Ask yourself the following questions to help identify if you're ready to buy a business:
- What do you hope to achieve from owning a business?
- How long do you expect to own the business?
- Do you have the skills and experience to be successful?
Just because you want a business does not mean you should own one, or possibly not owning one just yet. Do you have the skills, experience and capital to operate this endeavour? Evaluate your personal and business attributes and don’t kid yourself.
Personal attributes to consider:
- How well do you handle people (customers and staff)?
- Do you handle pressure well?
- Can you delegate?
- How many hours a week do you want to work?
- Are you persistent?
- Are you creative?
- Do you follow processes and complete tasks?
- How confident are you in your abilities?
- How realistic are you?
Business attributes to consider:
- Have you run a business for someone else?
- What other business exposure have you had?
- Have you done a small business course?
- Can you do or supervise the administration side of the business?
- How good are you at sales?
Other things to consider:
- What are your strengths and weaknesses?
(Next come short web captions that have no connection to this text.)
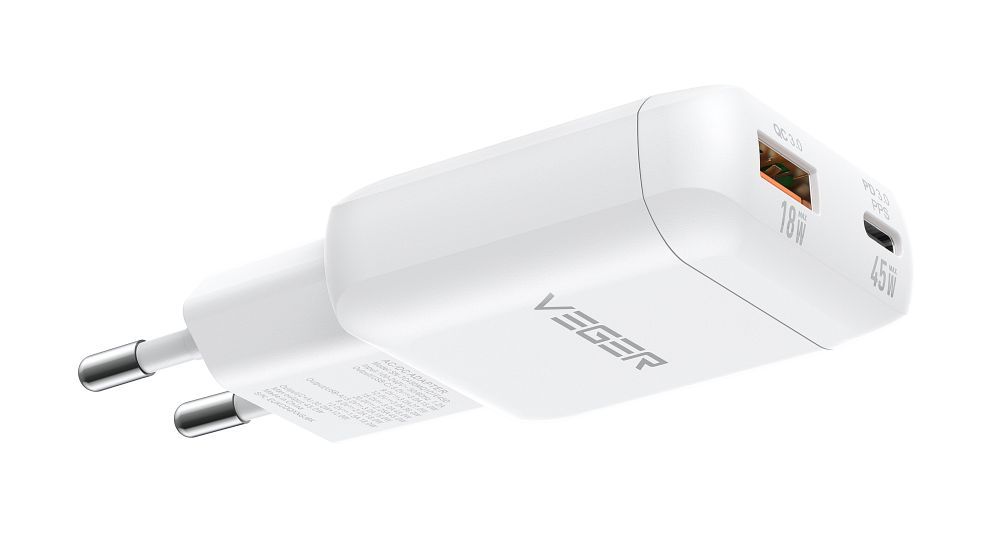 USB-A ja Type-C-liidesega telefonilaadija (PD 45 W) + andmesidekaabel Type-C–C (100 W) VEGER TR121, valge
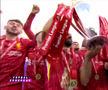Liverpool a primit trofeul de campioană în Premier League, foto: captură Digi Sport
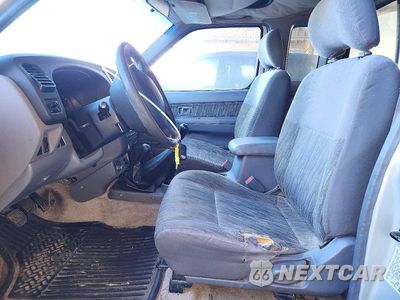 Zdjęcie 7 z 12 samochodu: 1999 NISSAN FRONTIER XE-V6 VIN:1N6ED26Y8XC300085 - miniatura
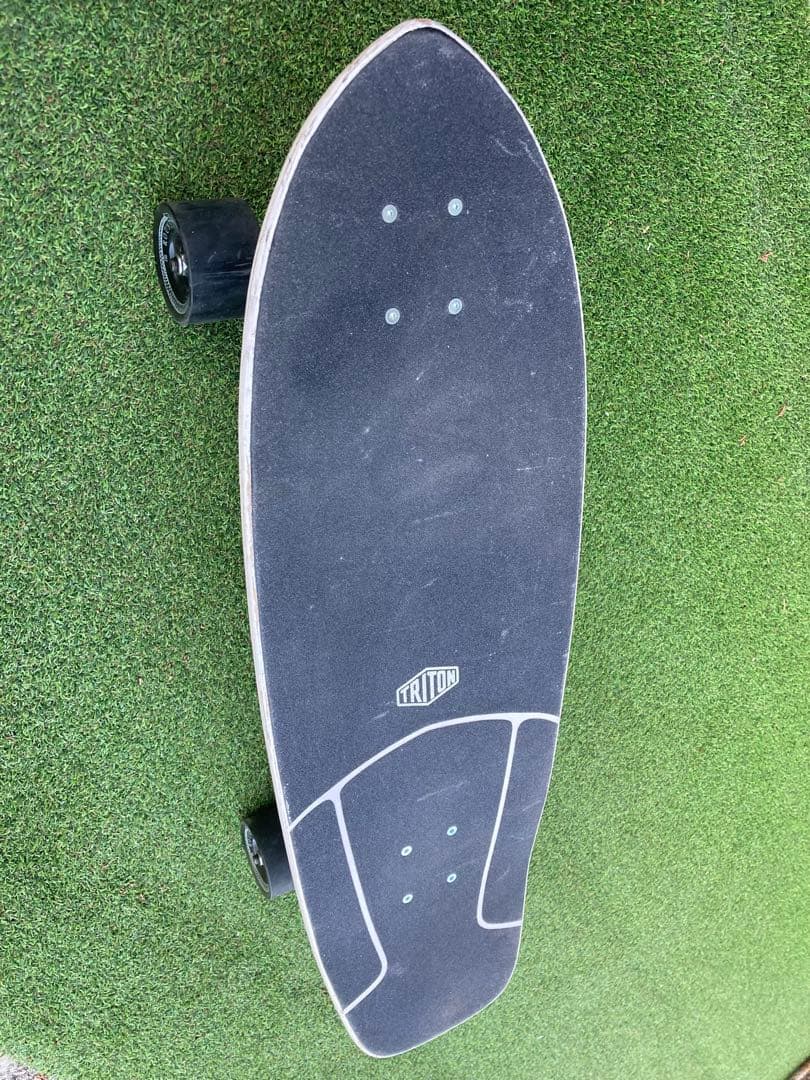 【週末特価】カーバーサーフスケート 30\" TRITON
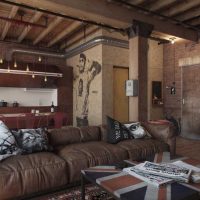 intérieur inhabituel de la salle dans le style d'un loft photo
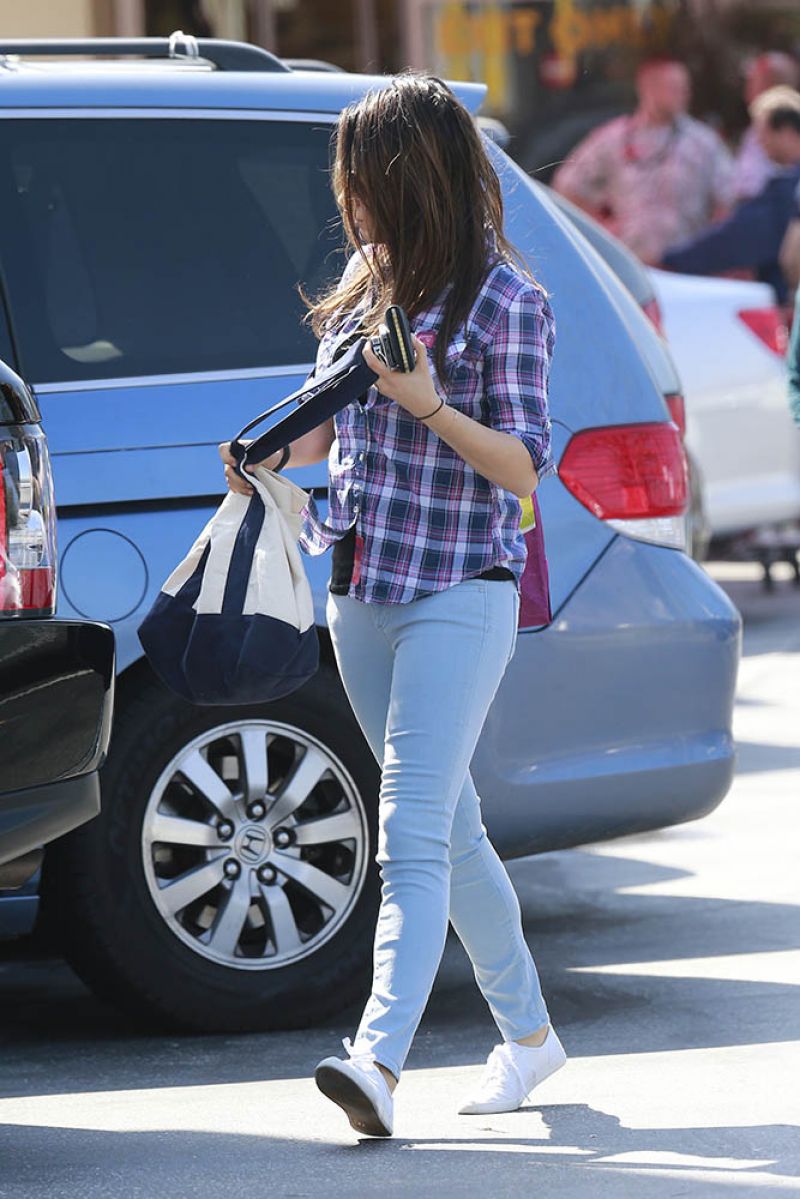 Mila Kunis Out About Los Angeles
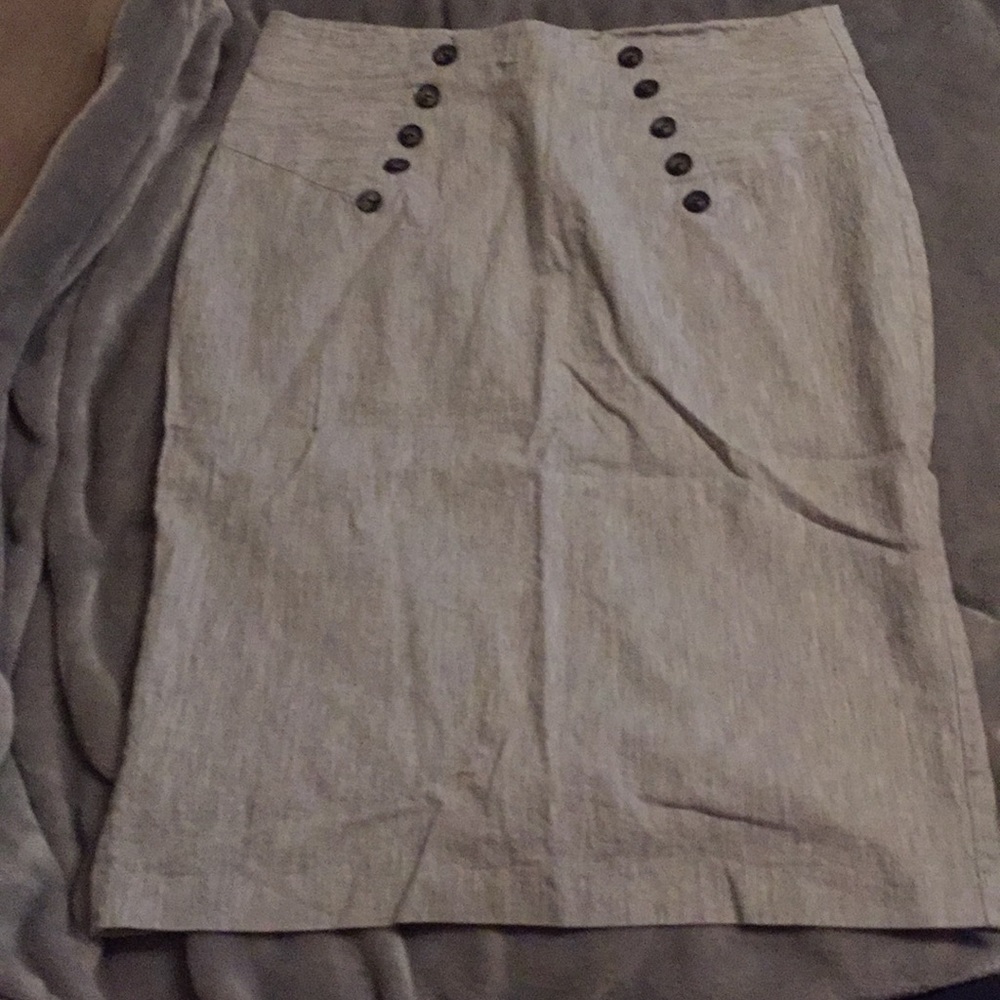 Pencil skirt with small back slit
Discuss these strengths and weaknesses with people who know you well and will give you a straight answer.
- Do your family or partner fully support your decision to go into business? Really probe this issue as owning a business will have a major time and financial commitment and risks.
- What skills and experience should you develop before you own a business?
How do I buy an existing business
Once you've evaluated your personal qualities and have decided that you're ready to start the journey as a business owner, the next step is to understand the financial and logistical aspects of buying a business - here's how.
1. Determine how you can finance the business
Before you start searching in detail to buy a business, you much first know how much can you afford. Your finance broker will be able to give you an indication of the amount of borrowings that a bank may provide. There is no point looking for a business priced at $500,000 if you can only raise finance of $200,000.
When doing your calculations on how much you can invest, don’t forget about any bonds or guarantees that may be required and the transaction costs (professional fees, bank charges and stamp duty), as well as, the level of working capital (inventory and receivables) that you will need to operate the business.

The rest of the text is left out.